İstanbul Tabip Odası Yönetim Kurulu Dr. İncilay Erdoğan’ın verdiği bilgiye göre, 10 yılda iş yükü 5 kat artan sağlık çalışanlarında tükenmişlik oranı yüzde 24. Yüzde 69’u mobbinge uğradığını ifade ediyor. Sağlık çalışanlarının yüzde 65’i ‘imkanım olsaydı ben bu mesleği değiştirirdim’ diyor. 33 saati aşan nöbetler, 100 saati aşan haftalık çalışma saatleri, 5 dakikada bir hasta bakma zorunluluğu hekimleri tüketiyor. Son 5 yılda Beyaz Kod’a 46 bini aşan şiddet başvurusu yapıldı. Sadece son 10 yılda 215 sağlık çalışanı iş cinayetleri, uğradıkları şiddet, yaşadıkları baskı ve mobbing, tüketen çalışma koşulları sebepleriyle yaşamdan kopartıldı.

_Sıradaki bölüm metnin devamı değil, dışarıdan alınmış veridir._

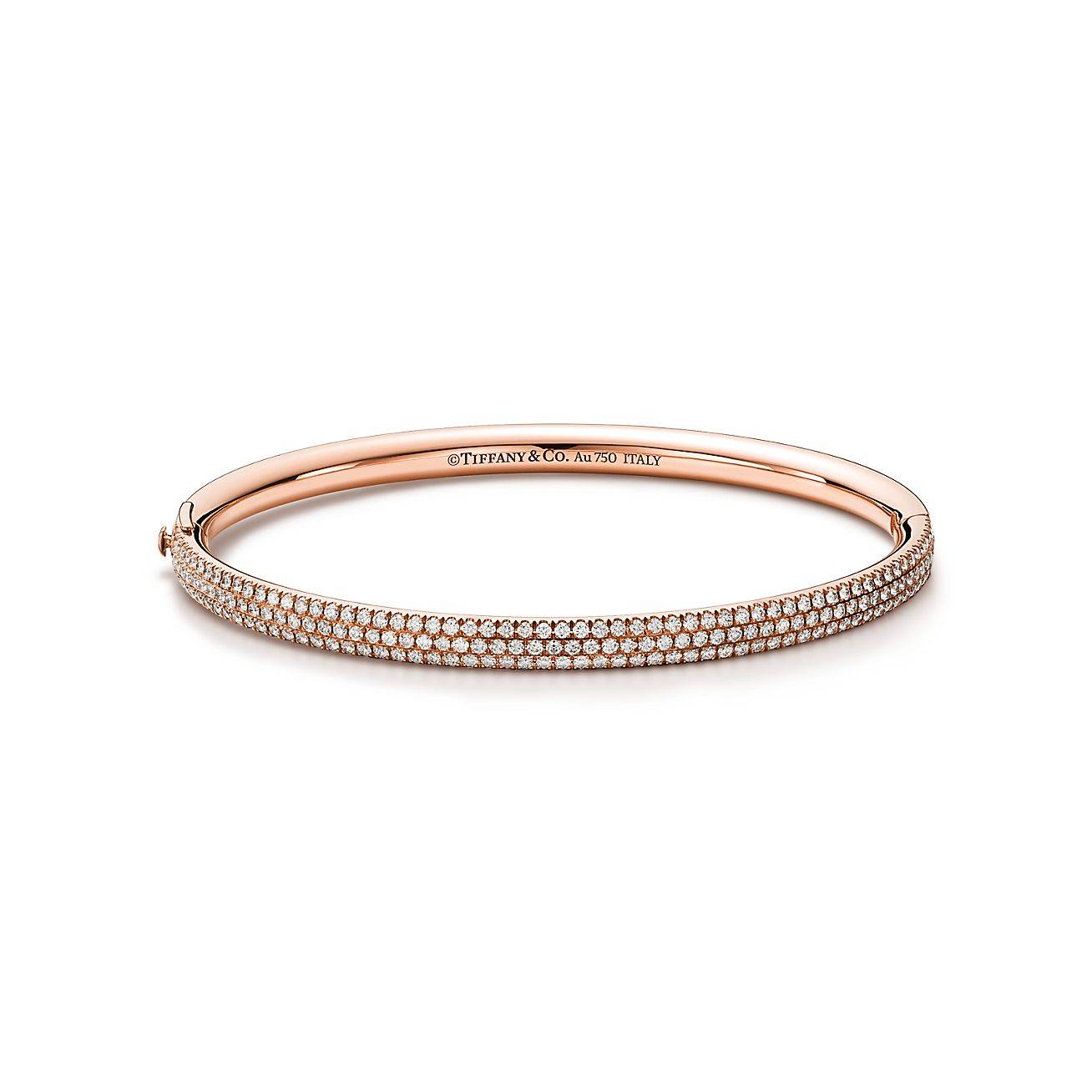 T*f*ny metro three-row hinged bangle in rose gold with diamonds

Türk Tabipleri Birliği (TTB) ve Türkiye Psikiyatri Derneği de başta Sağlık Bakanlığı olmak üzere tüm yetkilileri, hekimlerin çığlığını duymaya, hayatlarını sonlandırmaya götüren koşullara ilgisiz kalmamaya çağırdı. TTB ve TPD’den yapılan ortak açıklamada intiharın önlenebilir bir davranış olduğuna dikkat çekildi. Açıklamada, “Başta Sağlık Bakanlığı olmak üzere tüm yetkilileri, meslektaşlarımızın çığlığını duymaya, hayatlarını sonlandırmaya götüren koşullara ilgisiz kalmamaya davet ediyoruz. ‘Önce zarar verme’ ilkesi ile başladığımız beyaz önlüklü hayatımıza ‘Önce zarar görme’ ile devam etmek istemiyoruz” denildi.